EXERCISE BRIEF ->
Copying rule for the data below: pictures stay out, and only the lines from the one with "Lv texture pocket case" down to the one with "Saddle Making Tools", inclusive, are repeated exactly.

RECORDS PROVIDED ->
_ _ _ _ _ _ _
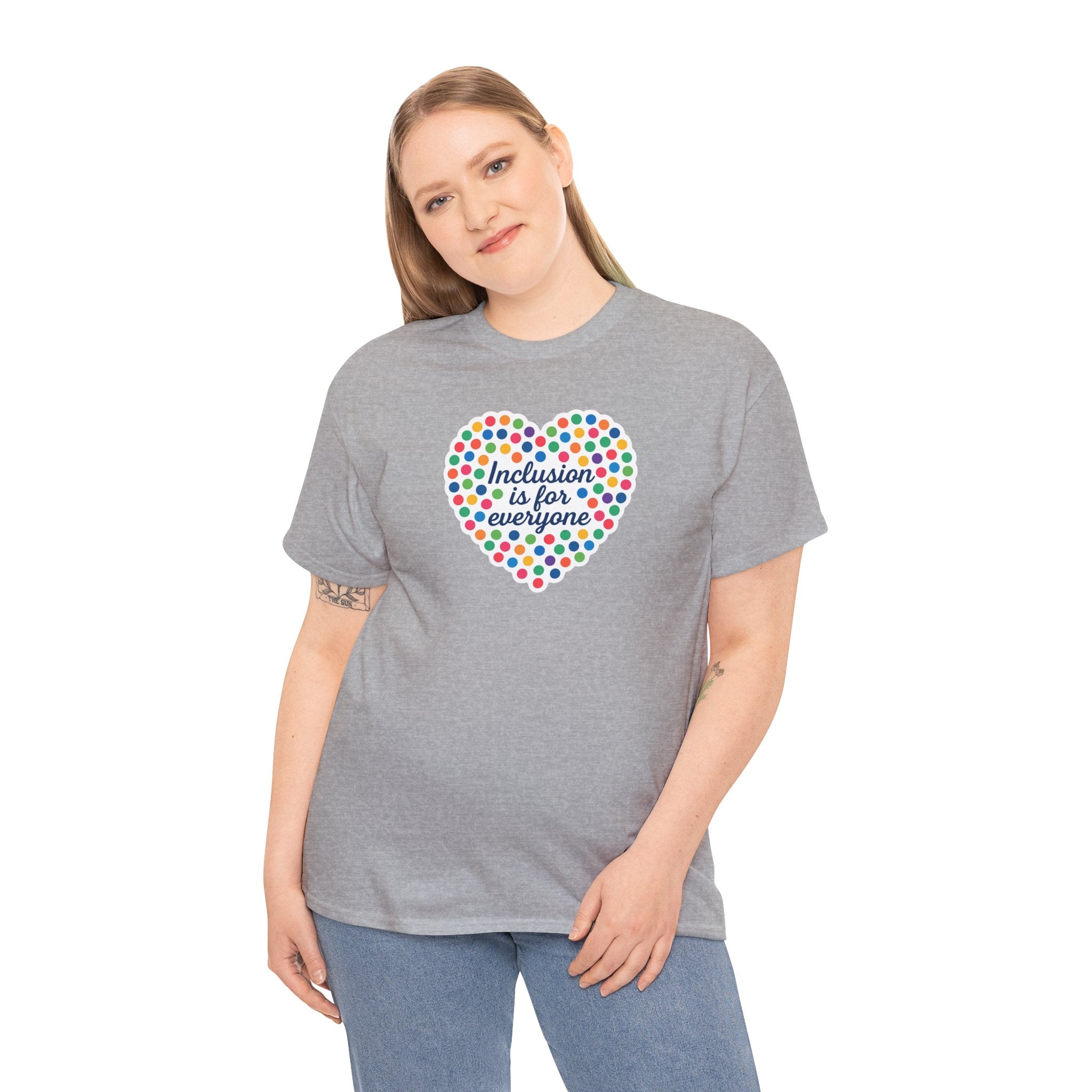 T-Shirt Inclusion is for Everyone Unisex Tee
_ _ _ _ _ _ _
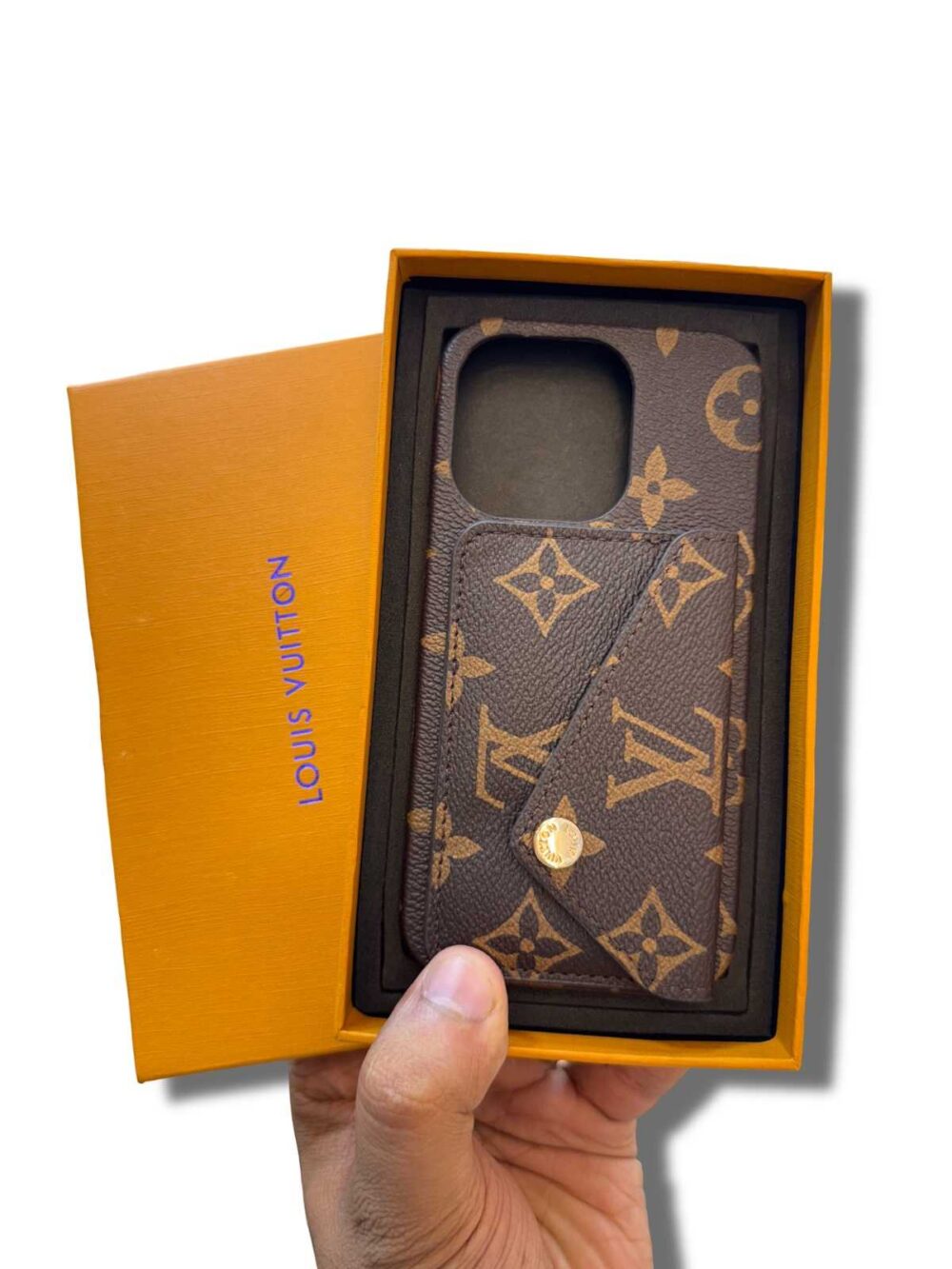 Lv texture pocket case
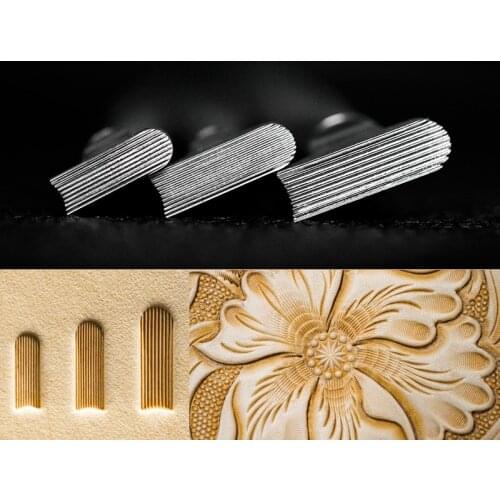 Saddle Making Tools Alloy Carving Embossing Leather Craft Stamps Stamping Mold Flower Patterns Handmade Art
_ _ _ _ _ _ _
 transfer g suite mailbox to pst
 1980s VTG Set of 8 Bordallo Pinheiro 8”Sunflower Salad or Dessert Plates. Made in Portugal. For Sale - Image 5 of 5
_ _ _ _ _ _ _
RESPONSE AREA ->
 Lv texture pocket case
 Saddle Making Tools Alloy Carving Embossing Leather Craft Stamps Stamping Mold Flower Patterns Handmade Art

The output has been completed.